Top of Data records
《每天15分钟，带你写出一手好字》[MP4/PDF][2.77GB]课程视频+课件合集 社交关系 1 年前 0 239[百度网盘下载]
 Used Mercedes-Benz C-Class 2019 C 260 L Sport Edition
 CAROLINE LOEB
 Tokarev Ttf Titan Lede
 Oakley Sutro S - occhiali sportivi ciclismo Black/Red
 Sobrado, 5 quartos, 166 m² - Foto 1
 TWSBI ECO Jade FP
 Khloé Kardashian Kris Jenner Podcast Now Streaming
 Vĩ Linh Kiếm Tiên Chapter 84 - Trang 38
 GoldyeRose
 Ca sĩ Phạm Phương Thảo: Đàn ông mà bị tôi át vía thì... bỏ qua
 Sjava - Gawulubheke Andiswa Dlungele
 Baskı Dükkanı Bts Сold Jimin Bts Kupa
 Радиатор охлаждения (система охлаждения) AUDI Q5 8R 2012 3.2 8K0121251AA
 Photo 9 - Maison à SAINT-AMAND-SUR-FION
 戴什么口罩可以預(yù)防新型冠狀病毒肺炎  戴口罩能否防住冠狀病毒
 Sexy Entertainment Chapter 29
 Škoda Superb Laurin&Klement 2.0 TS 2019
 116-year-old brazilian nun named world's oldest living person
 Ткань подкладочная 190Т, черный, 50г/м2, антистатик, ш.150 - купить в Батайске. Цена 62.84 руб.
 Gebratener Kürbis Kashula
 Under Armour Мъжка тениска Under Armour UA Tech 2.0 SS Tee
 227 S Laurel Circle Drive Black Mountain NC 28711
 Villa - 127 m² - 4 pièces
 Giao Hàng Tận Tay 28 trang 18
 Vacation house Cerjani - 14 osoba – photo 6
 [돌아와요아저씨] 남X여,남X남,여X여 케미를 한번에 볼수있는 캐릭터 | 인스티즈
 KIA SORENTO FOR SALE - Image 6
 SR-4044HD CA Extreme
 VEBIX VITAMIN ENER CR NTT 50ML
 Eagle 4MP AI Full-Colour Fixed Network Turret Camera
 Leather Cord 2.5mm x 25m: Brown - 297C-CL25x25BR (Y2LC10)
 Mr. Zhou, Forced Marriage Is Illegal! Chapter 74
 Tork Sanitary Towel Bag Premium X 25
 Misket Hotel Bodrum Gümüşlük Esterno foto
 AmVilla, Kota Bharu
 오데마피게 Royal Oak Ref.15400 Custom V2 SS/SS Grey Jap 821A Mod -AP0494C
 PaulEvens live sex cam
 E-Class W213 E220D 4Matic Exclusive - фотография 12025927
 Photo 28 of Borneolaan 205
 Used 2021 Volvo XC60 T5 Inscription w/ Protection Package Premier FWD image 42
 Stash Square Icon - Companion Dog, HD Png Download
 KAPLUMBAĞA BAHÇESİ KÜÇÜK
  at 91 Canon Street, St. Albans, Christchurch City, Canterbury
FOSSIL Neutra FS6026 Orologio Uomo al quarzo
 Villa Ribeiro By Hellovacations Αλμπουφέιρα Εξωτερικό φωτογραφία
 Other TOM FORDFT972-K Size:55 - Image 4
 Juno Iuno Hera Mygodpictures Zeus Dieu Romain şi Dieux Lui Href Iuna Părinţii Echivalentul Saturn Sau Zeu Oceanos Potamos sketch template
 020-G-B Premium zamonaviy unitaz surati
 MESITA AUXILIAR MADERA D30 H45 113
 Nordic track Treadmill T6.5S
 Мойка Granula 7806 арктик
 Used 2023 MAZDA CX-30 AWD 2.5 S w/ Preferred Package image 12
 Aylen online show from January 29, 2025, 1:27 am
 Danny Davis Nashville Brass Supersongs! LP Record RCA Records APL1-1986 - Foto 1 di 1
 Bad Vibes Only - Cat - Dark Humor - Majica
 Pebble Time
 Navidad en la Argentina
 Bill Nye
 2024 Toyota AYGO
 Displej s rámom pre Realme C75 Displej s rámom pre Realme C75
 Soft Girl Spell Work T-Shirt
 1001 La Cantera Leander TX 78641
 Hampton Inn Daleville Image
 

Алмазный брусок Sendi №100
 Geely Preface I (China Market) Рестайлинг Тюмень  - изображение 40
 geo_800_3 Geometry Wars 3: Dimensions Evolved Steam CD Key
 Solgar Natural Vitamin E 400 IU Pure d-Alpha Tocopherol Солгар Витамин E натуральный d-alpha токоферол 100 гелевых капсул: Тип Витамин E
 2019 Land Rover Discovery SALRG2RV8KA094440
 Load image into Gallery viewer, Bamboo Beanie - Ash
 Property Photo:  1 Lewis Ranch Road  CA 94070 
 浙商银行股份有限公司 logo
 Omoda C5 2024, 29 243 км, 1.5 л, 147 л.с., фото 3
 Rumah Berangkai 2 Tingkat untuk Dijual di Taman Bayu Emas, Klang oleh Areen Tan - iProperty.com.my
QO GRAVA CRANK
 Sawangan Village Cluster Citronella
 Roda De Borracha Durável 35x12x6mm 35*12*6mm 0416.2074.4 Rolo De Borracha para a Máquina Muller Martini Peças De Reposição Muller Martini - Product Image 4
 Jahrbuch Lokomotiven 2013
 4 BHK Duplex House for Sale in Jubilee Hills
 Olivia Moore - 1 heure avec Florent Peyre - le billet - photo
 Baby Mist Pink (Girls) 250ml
Bottom of Data records
Nothing but a number should be given: the count of lines in the entries that contain the word "Chapter".

Exercise solution
3